**Data records**
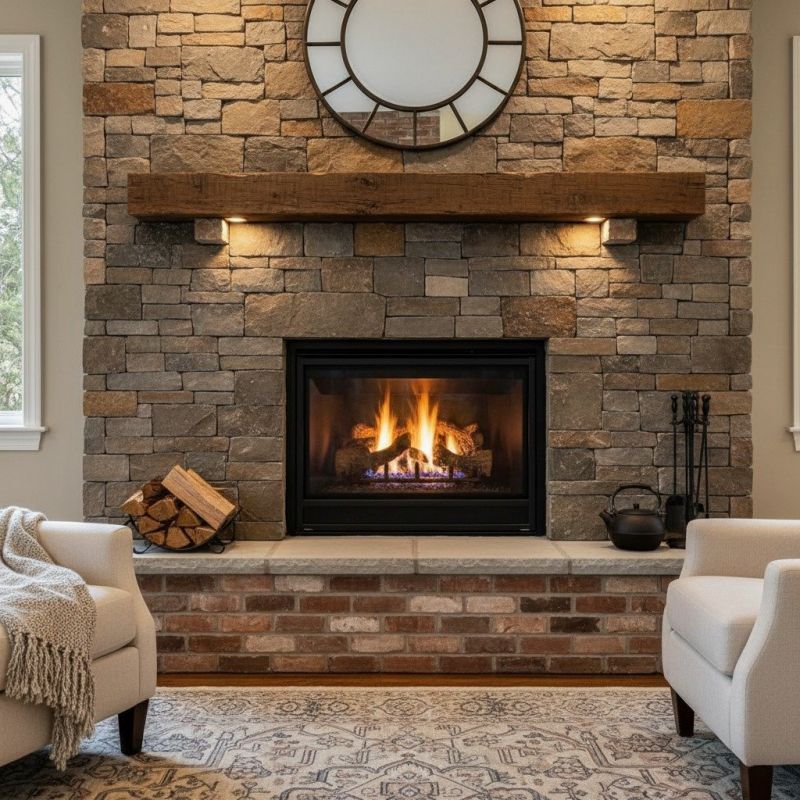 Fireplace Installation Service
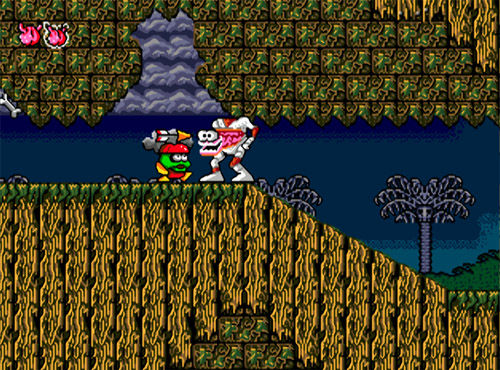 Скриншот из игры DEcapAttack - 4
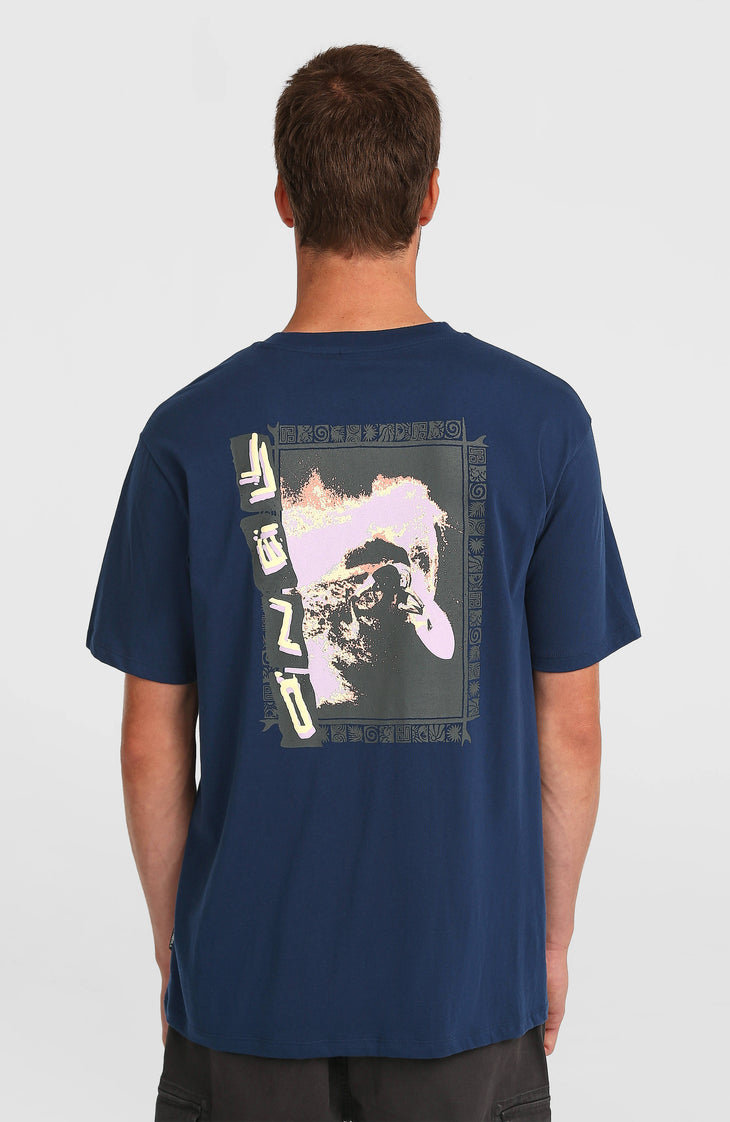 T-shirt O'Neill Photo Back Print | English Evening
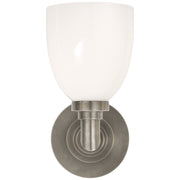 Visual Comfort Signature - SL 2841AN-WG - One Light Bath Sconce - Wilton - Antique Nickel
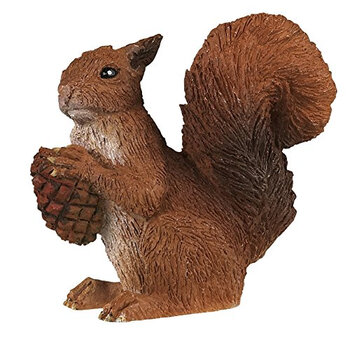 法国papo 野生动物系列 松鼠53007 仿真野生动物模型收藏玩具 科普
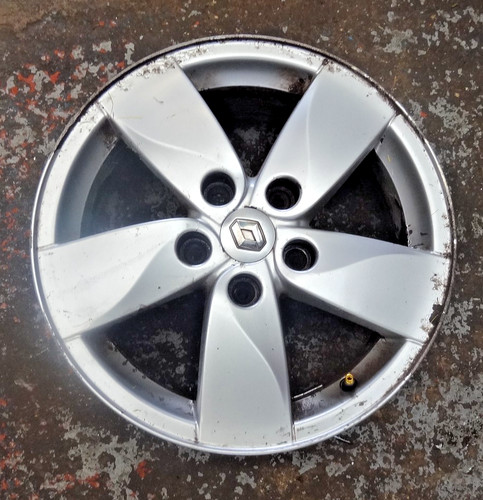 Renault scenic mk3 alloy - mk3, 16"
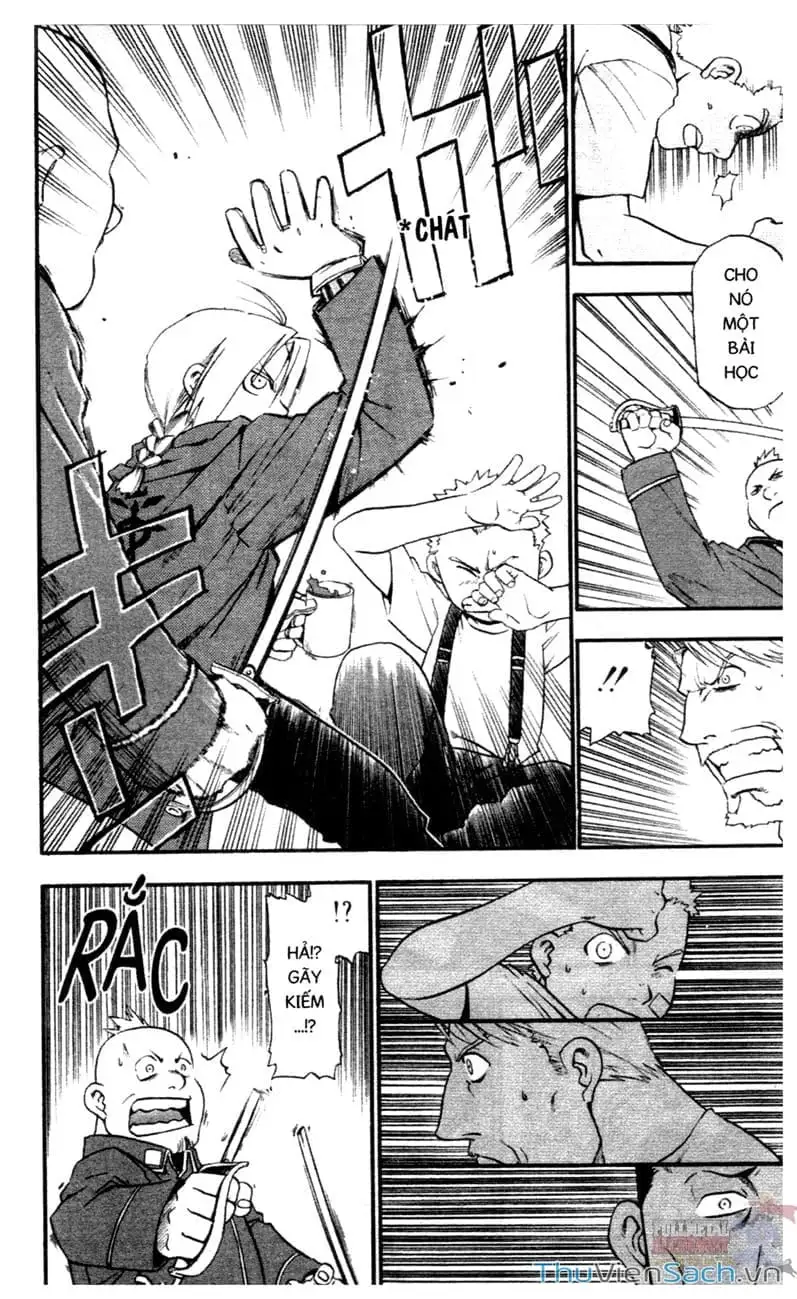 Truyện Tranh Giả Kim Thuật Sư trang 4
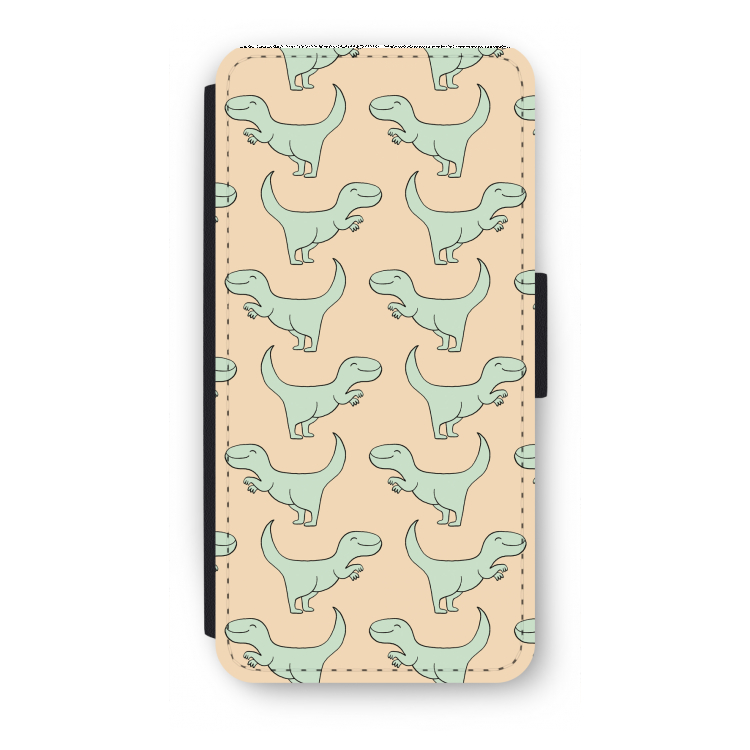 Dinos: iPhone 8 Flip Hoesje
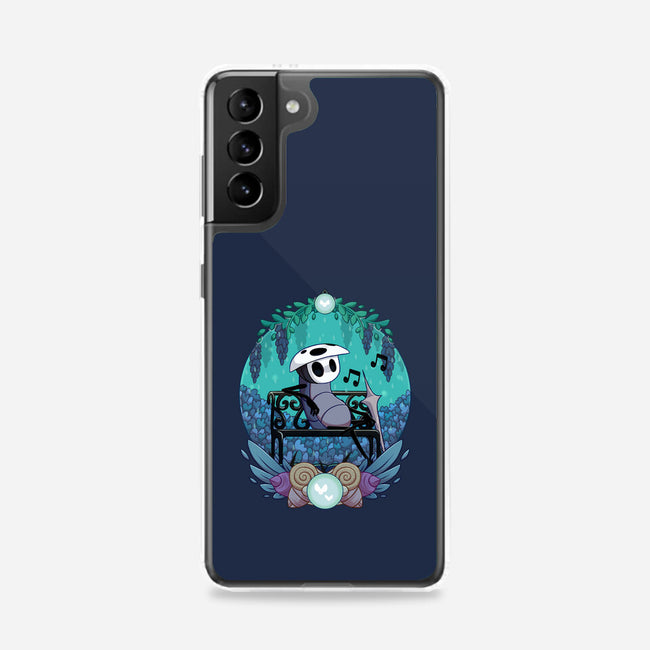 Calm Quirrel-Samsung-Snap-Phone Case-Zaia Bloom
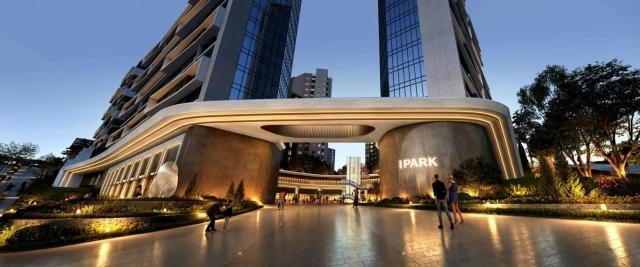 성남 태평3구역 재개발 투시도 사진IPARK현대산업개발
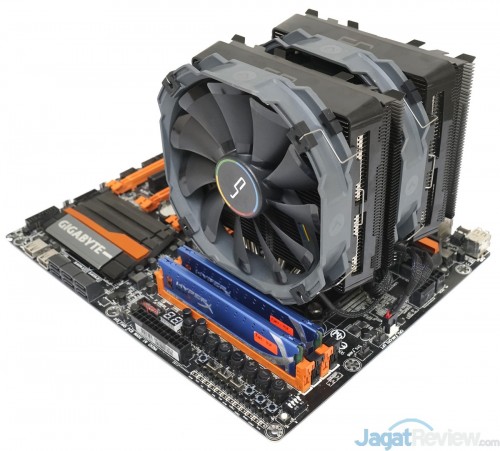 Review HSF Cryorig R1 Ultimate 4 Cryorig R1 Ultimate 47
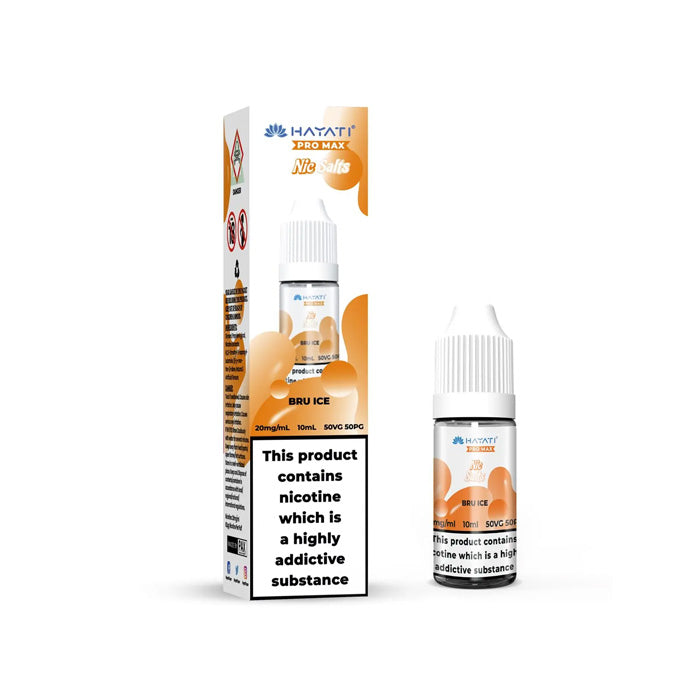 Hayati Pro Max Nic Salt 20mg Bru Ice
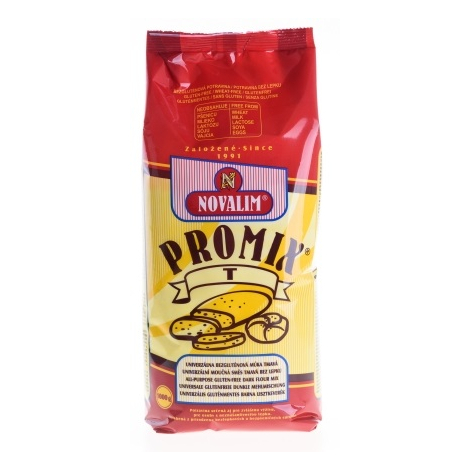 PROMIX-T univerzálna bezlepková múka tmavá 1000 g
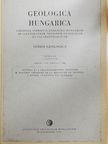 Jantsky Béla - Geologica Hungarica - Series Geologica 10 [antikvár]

**What to produce**
The records above must be repeated exactly, minus their pictures.

**Solution for this exercise**
 Fireplace Installation Service
 Скриншот из игры DEcapAttack - 4
 T-shirt O'Neill Photo Back Print | English Evening
 Visual Comfort Signature - SL 2841AN-WG - One Light Bath Sconce - Wilton - Antique Nickel
 法国papo 野生动物系列 松鼠53007 仿真野生动物模型收藏玩具 科普
 Renault scenic mk3 alloy - mk3, 16"
 Truyện Tranh Giả Kim Thuật Sư trang 4
 Dinos: iPhone 8 Flip Hoesje
 Calm Quirrel-Samsung-Snap-Phone Case-Zaia Bloom
 성남 태평3구역 재개발 투시도 사진IPARK현대산업개발
 Review HSF Cryorig R1 Ultimate 4 Cryorig R1 Ultimate 47
 Hayati Pro Max Nic Salt 20mg Bru Ice
 PROMIX-T univerzálna bezlepková múka tmavá 1000 g
 Jantsky Béla - Geologica Hungarica - Series Geologica 10 [antikvár]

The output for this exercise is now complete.